Monsters and Saviors

I don't normally post a giant poster here, but, like, it's Godzilla, and he/she is one huge motherfucker. In fact, my friends and I were trying to compare Godzilla to the size of a Tyrannosaurus or a Stegosaurus and, well, they are not really comparable to Gojira him/herself. This is one enormous monster.

This movie is enormous too. In fact, that is really the most important thing to say about this movie. About six minutes of it are really, really cool. The rest of the movie is intensely frustrating. Director Gareth Edwards shows us about 3 or 4 seconds of great action at a time, and then absolutely insists on cutting away from exactly the thing that the audience wants to see. This tactic happens about 25 times (I swear I am not exaggerating), and it started to drive me crazy after about the 5th time. The whole time I was thinking why isn't he letting me watch his movie? He has hidden an awesome six-minute flick within this two hour monstrosity and gives us just a little bit of awesomeness at a time.

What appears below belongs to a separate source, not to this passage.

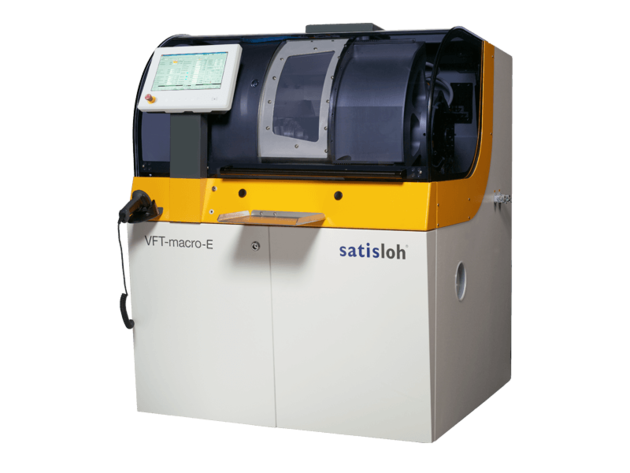 Automated industrial machine with enclosed housing and side control monitor for precise manufacturing processes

All of this is further complicated by the really boring family at the middle of the film. I really like both Aaron Taylor-Johnson and Elizabeth Olsen, but they were both lifeless in this – staring wide-eyed and soullessly into Seamus McGarvey's camera – and waiting for something to happen. And I was too.

The original Gojira
Godzilla him/herself is, of course, totally awesome. Just totally awesome. I could have watched her/him swim around the Pacific and walk around Hawaii/San Francisco/Tokyo and eat radiation and knock buildings over with that tail for at least 40 minutes. Maybe that's gonna be in the sequel...? It sure wasn't in this movie.

There isn't much else to say, I guess, except that I was totally annoyed by the absurdly heterosexist gendering of the other monsters in the movie (they're called MUTOs). The only thing this "female" monster cares about is reproducing, and she lays her eggs (I am not sure how the eggs are fertilized or anything like that, and the film doesn't bother to try to explain that), and then she leaves them just hanging around, but then when the eggs are destroyed, the screenwriters have her keen over her unborn young in this bizarre way. The whole thing made me cringe.

And they made Godzilla into this weird Christ figure, sacrificing her/himself in order to save the world. Sacrifice is all good and well, but the film "says" that Gojira is a kind of embodiment of nature itself. In other words, he/she should actually be rather indifferent about humanity per se.

Oh, I know what else there is to say: I've seen Guillermo Del Toro's Pacific Rim (which I really liked and reviewed here), so basically the whole time I was watching this Gojira reboot I was just wondering why they even tried. Pacific Rim already did this right.